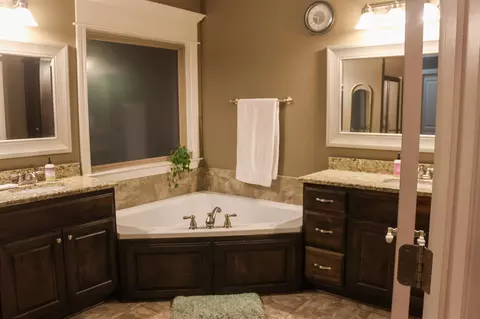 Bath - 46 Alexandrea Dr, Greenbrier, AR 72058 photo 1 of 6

────────────────────────────────────────

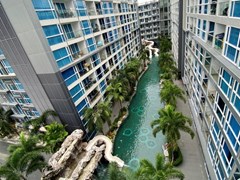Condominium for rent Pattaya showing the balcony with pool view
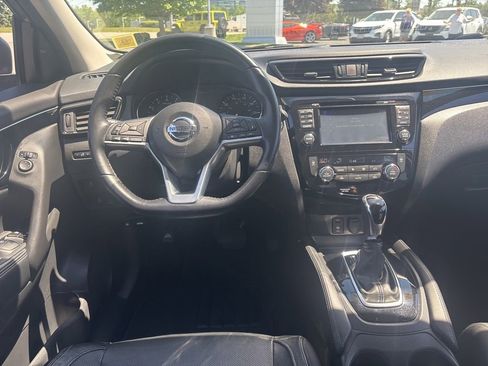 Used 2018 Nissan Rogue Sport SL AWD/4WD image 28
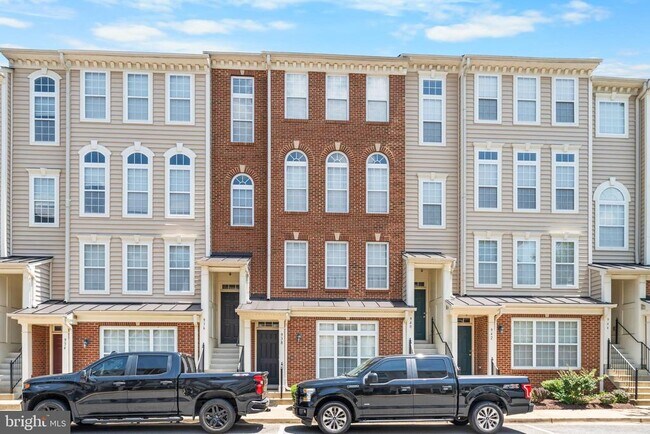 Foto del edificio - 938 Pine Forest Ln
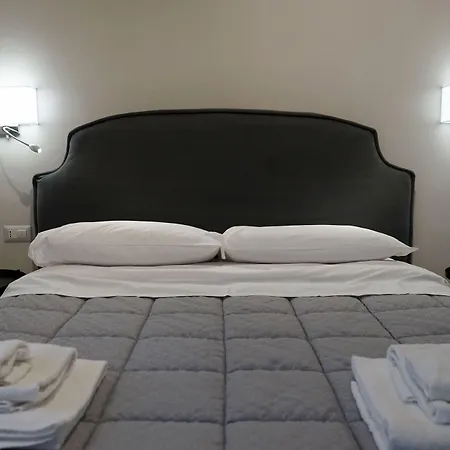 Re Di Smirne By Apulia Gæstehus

────────────────────────────────────────

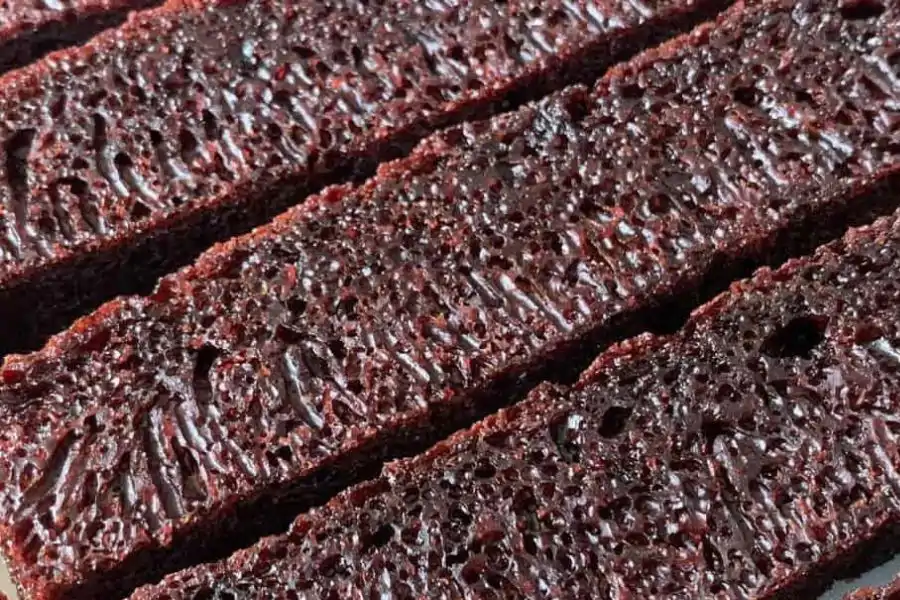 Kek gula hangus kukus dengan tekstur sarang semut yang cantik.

────────────────────────────────────────

#### Directions
Leaving every picture aside, reproduce exactly the lines above from the one with "Foto del edificio - 938 Pine Forest Ln" up to and including the one with "Re Di Smirne By Apulia Gæstehus", and no others.

#### Response area
 Foto del edificio - 938 Pine Forest Ln
 Re Di Smirne By Apulia Gæstehus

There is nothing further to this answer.